Umstritten: Was darf der „alte“ Bundestag überhaupt noch beschließen?

Nach Recherchen der Epoch Times handelt es sich im ersten Fall um eine „Organklage gegen die Einberufung des 20. Deutschen Bundestags am 13. März 2025 und die dort beabsichtigte Änderung des Grundgesetzes“, die der AfD-Bundestagsabgeordnete Dr. Christian Wirth, zugleich der staats- und verfassungsrechtliche Sprecher seiner Fraktion, laut seinem X-Kanal am vergangenen Freitag auf den Weg gebracht hatte.

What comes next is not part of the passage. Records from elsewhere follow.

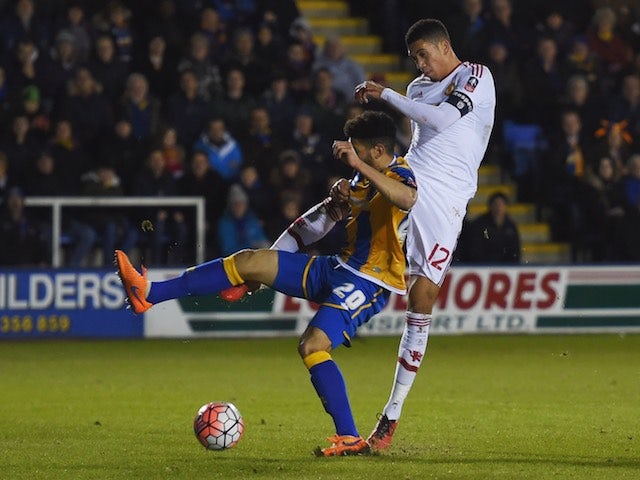 Chris Smalling shoots past Nat Knight-Percival during the FA Cup game between Shrewsbury Town and Manchester United on February 22, 2016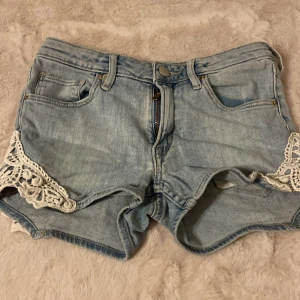 Ljusblå jeansshorts med spets från H&M - Snygga ljusblå jeansshorts från H&M med coola spetsdetaljer i vitt på sidorna. Klassisk femficksmodell, bälteshällor och dragkedja framtill. Perfekta för varma dagar när du vill ha en chill och trendig look.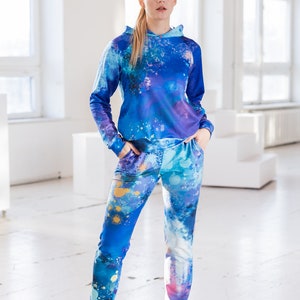 May include: A blue and purple hooded sweatshirt and matching sweatpants with a paint splatter design. The clothing is made of a soft, comfortable material.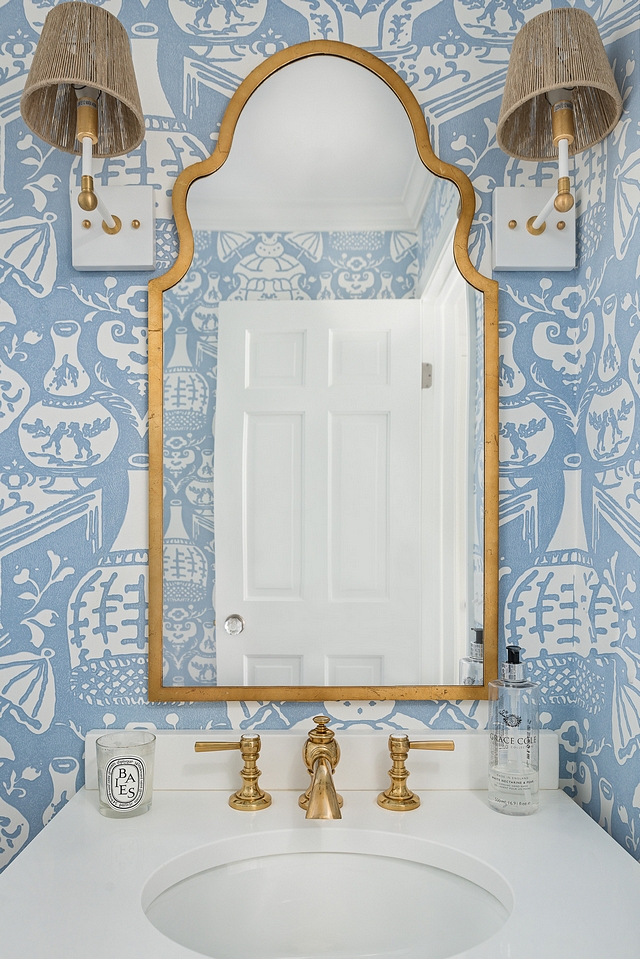 Bathroom Mirror Arched Brass Mirror against blue and white wallpaper and a pair Piper Sconces in Brass by Ro Sham Beaux Bathroom Mirror #Bathroom #Mirror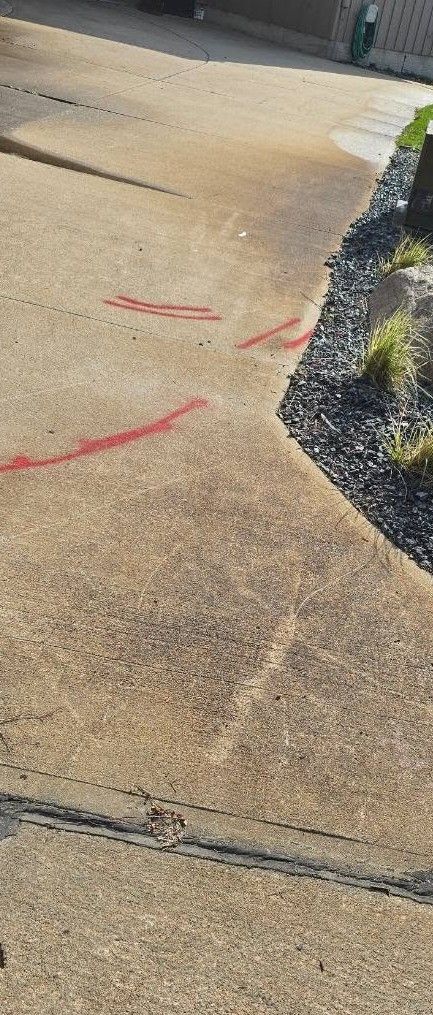 Outdoor concrete path with red spray markings and a low stone border beside a building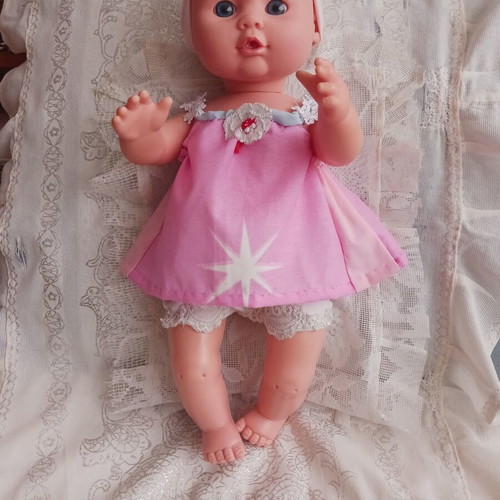 Baby Suzi doll like new with handmade clothes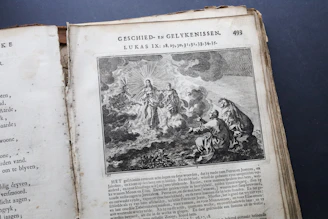 an old book with a picture of a man on it
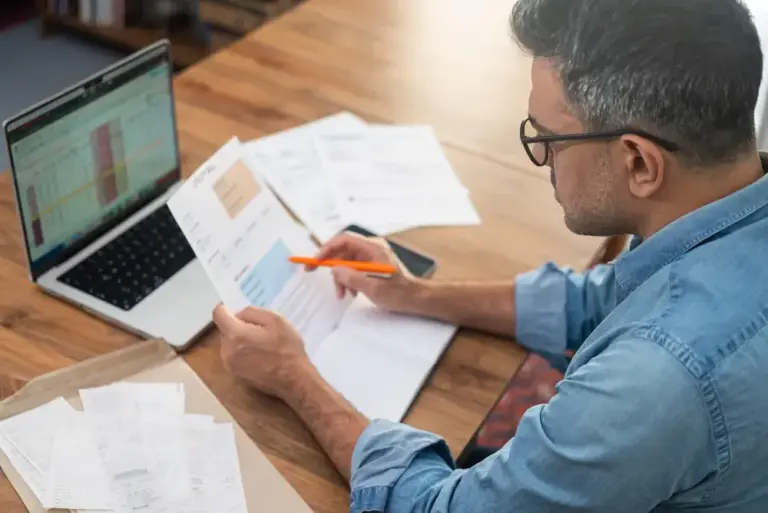 Homem analisando documentos financeiros e gráficos no notebook, avaliando dados de como abrir uma securitizadora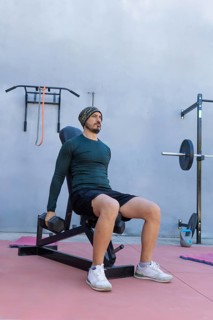 Athlete is strengthening his deltoids by performing seated lateral raises with dumbbells in an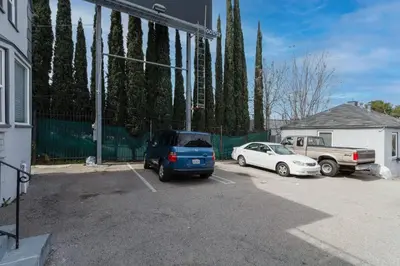 a parking lot with a blue van and a white car at Cozy Studio Studio City Unit 6 in Los Angeles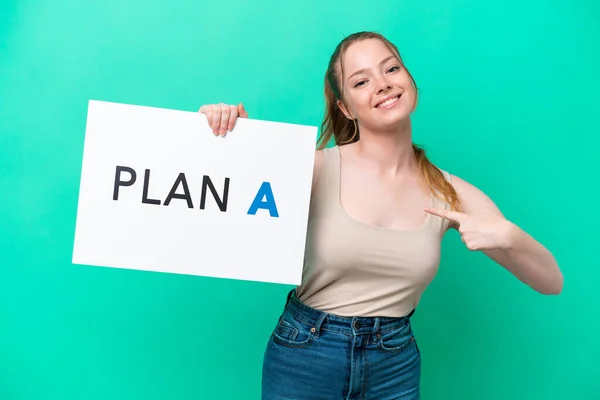 Young Caucasian Woman Isolated Green Background Holding Placard Message Plan – stockfoto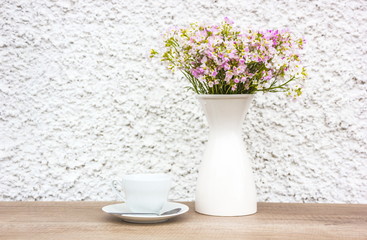 White cup and vase flowers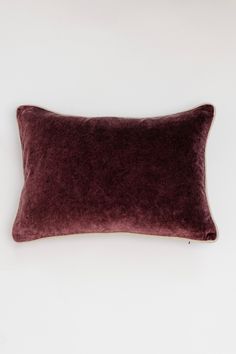 a dark purple velvet pillow on a white background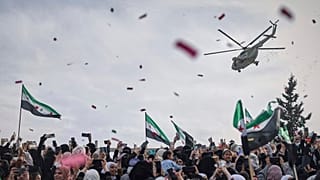 Конфетти и цветы сбрасывают с военного вертолета на толпу людей во время празднования победы повстанческих сил над армией Асада в Идлибе, Сирия, 28 марта 2025 г.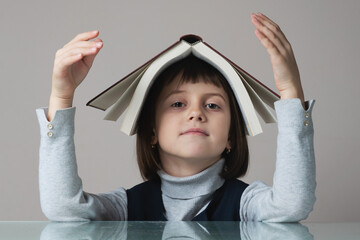 Funny image of happy little school girl holding book on her head.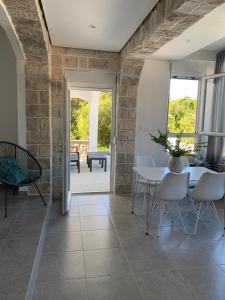 Delightful villa with steps down to secluded beach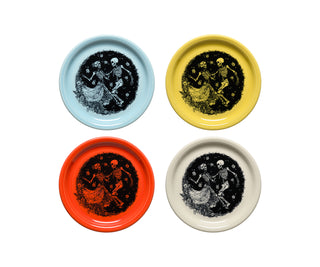 Four decorative plates with skeleton designs on a white background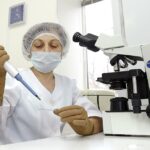 Embryologist working with laboratory equipment in a fertility research setting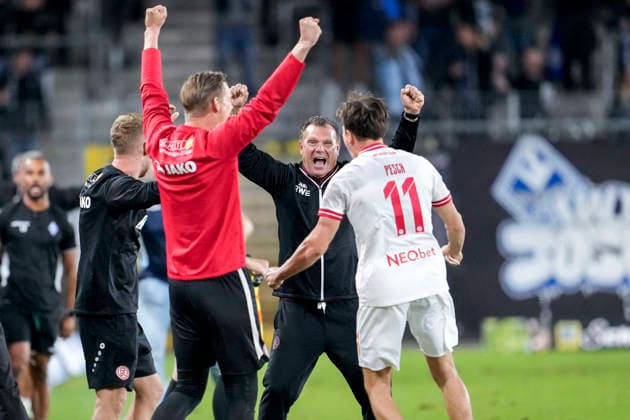 From left: Uwe Koschinat, coach, head coach, Essen, and Noah Pesch, Essen, 11, player for Rot Weiss Essen, Celebration after the final whistle, joy over the victory, winners, celebrating, cheerful, positive, happy, optimistic, highlight, action, September 16, 2026, Mannheim, Germany, soccer, 3rd Division, SV Waldhof Mannheim vs. Rot-Weiss Essen, DFB and DFL regulations prohibit any use of photographs as image sequences and or quasi-video xozx
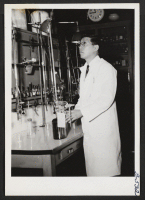 [recto] An exacting measurement--Mr. Harold Arase, Jerome, concentrates on his work in the laboratory of the Lankenau Hospital, Philadelphia. ;  Philadelphia, Pennsylvania.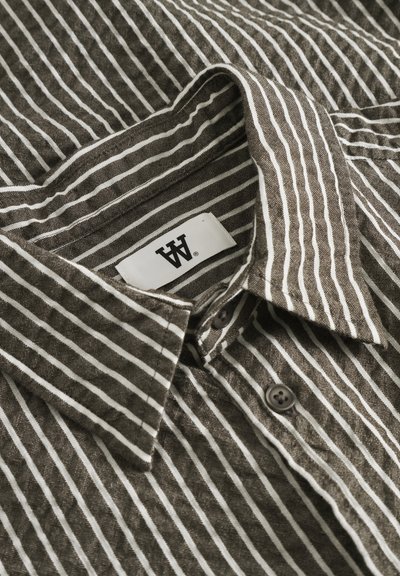 Chemise boutonnée rayée marron et blanche avec col, présentant une texture tissée et deux boutons marron près du cou. Étiquette de marque visible.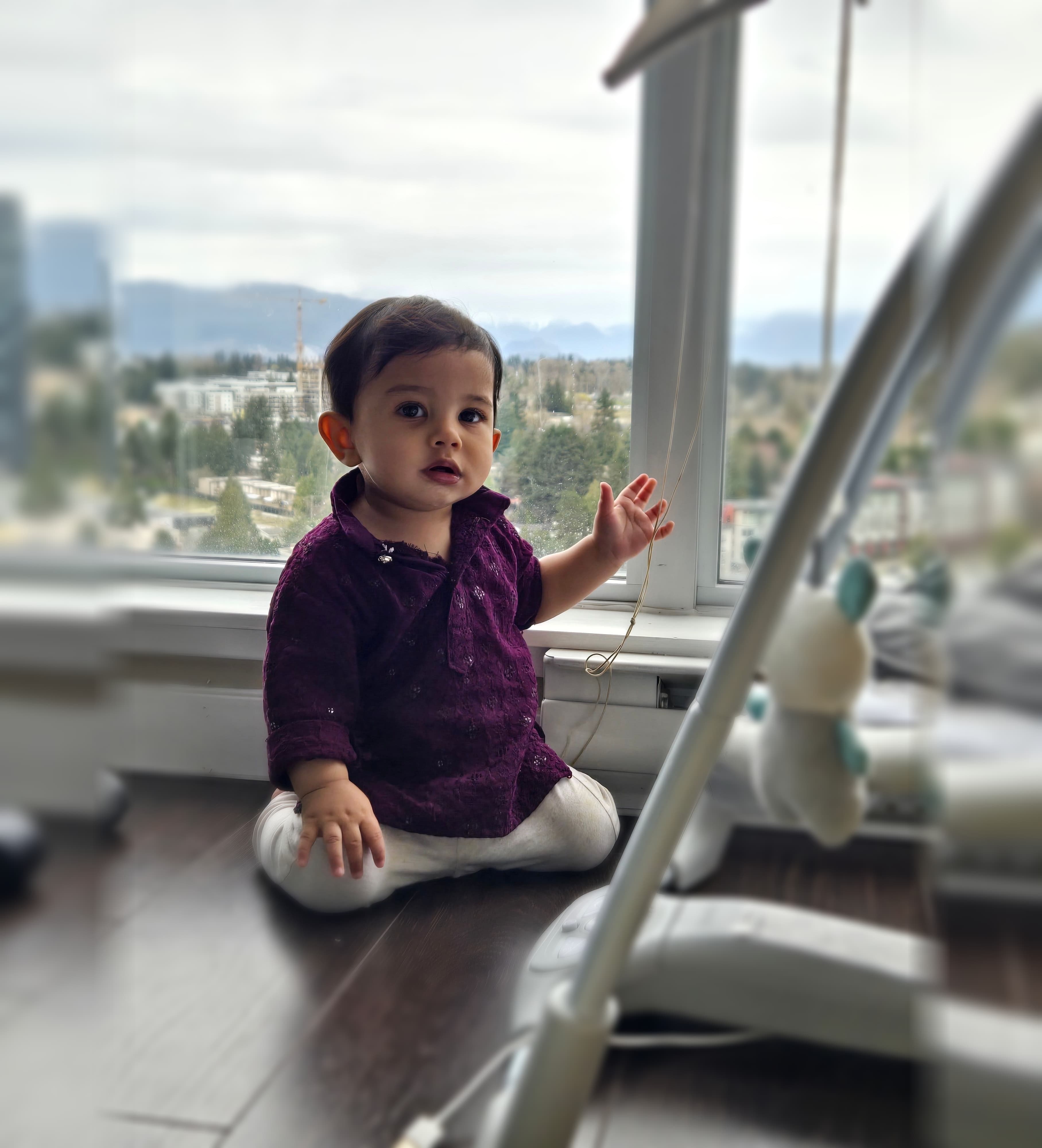 Salahaddin as a baby, sitting up and looking towards the camera.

„Es geht dabei auch um die Klärung der Frage, was ein ‚alter‘ Bundestag zwischen der Neuwahl und der Konstituierung des ‚neuen‘ Bundestags noch beschließen darf. Diese Frage ist bisher vom Bundesverfassungsgericht noch nicht geklärt worden“, so Wirth.

Wirth: „Das Bundesverfassungsgericht hat alle Zeit der Welt“

Der Rechtsanwalt bestätigte gegenüber der Epoch Times, dass er bereits ein Aktenzeichen aus Karlsruhe erhalten habe. Er rechne in der Kürze der Zeit aber nicht mit einer mündlichen Verhandlung. Ob es noch bis zum Donnerstag zu einer Entscheidung ohne weitere Anhörung kommen werde, sei ebenfalls nicht gesichert: „Das Bundesverfassungsgericht hat alle Zeit der Welt“, so Wirth. Es dürfe Anträge sogar ohne Begründung ablehnen.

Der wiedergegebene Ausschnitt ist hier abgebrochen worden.